Sunday, October 14, 2007

Good Friends, Loud Music, and Dead Fish!

Three highlights of my trip to Shimokita with Dustin and Ris.

Saturday morning Dustin arrives in Aomori City after a long overnight ferry ride from Hokkaido. We meet up with him at the station. Ris has reserved a rental car for three days and I pull out some extra cash for the weekend. The rental guy picks us up at the station, we pay for the car, and we start to drive north. That is our pre-departure planning in its entirety for our three days of exploring Shimokita.

Our fearless Jeeves.

Well not really, but close enough. Ris and I pretty much left all the planning up to Dustin, a veteran of traveling in Japan. Our destinations of Osore-san and Oma were pretty clear but our route was pretty much anything goes.

We started north at about 9:30 am on Saturday and reached Osore-san by noon. Dustin gave me a short history on the region once we were there. "Osore" literally means "fear". Yep, we actually made plans to travel to Mt. Fear! I am not too clear on the history but it seems this area is a place that spirits come in order to cross to the afterlife according to the local Buddhists.

We made a few stops on the road north. Along one of the mountain roads we caught a small spring and shrine that are very common in Japan. Also, Dustin wanted to stop by a small train station to buy a "collector" ticket or something. Apparently the crazy guy has been to every train station in Hokkaido that sells these special tickets and now he is getting started on Honshu.

Drink the Urine of the Mountain and be free my children.


Osore-san is quite active it seems. After I relieved myself we
happened upon some active sulfur pools that really weren't that hot.

Have you seen my record?

Once you get past the temple area you are free to walk the grounds.
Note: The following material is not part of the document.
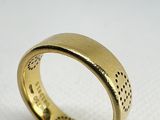 gros plan d'une bague en or sur une surface blanche
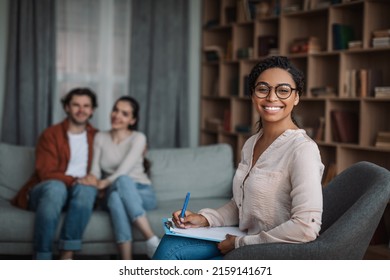 Smiling young european guy and lady sit on sofa at meeting african american woman doctor psychologist in office interior. Consultation, professional help, support, family psychology, relationships - Shutterstock ID 2159141671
I will tell you they got the name right when they decided to call the place Fear! It was actually quit eerie behind the temple area. There were these piles of rocks everywhere with little messages written on them and the occasional child's toy stuck between the cracks. The pinwheels were especially creepy.
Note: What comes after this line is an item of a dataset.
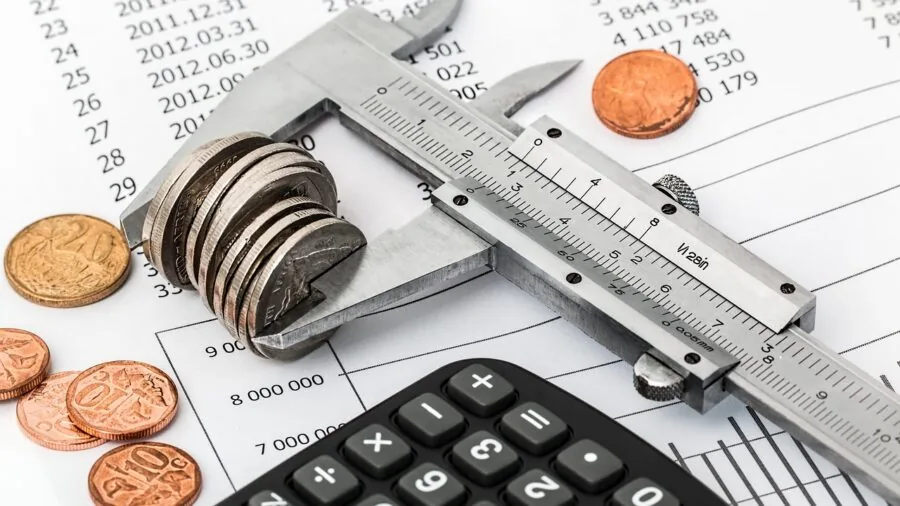 Person analyzing printer expenses and calculating long-term costs at home desk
Dustin informed me that the children's toys placed around the shrines were for children who had perished before their parents. They were stuck in some kind of Buddhist purgatory and apparently bored. The occasional crow didn't help the mood either.
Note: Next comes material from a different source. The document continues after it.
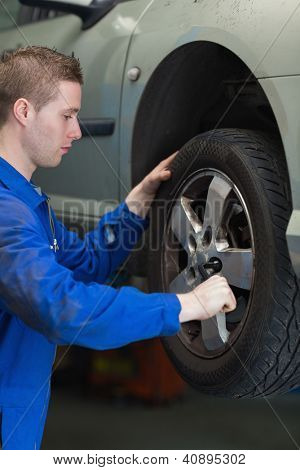 Mužské mechanik užívající klíč ke změně pneumatik automobilu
The whole area was very beautiful though. The lake behind the sulfur grounds was a very deep blue with yellow shores, and the occasional Buddha statue made for a relaxing atmosphere.

After Osore-san we made our way to the most northern point of mainland Japan. Oma is famous throughout Japan for their high quality tuna. We arrived right at sunset when most of the shops were closing down but managed a few shots.

We asked a local where we could get some of this famous tuna. She gave us some simple instructions for a nice little restaurant downtown (and yes we got lost in a freakin' fishing village WITH a GPS unit in the car...) THIS TUNA WAS AMAZING! I have never eaten such fresh raw tuna before. This stuff just melted in your mouth. We decided to stay the night in Oma since it would be about a three hour drive back to Kuroishi. This would also give us the chance to possibly catch a glimpse of the morning fish market.

We missed the catch of the day tuna haul thanks to our incompetent hotel staff so we asked around about a demonstration of tuna carving. We were lucky enough to catch the last show of the year.

Come touch my tuna! It bring long life and happy time.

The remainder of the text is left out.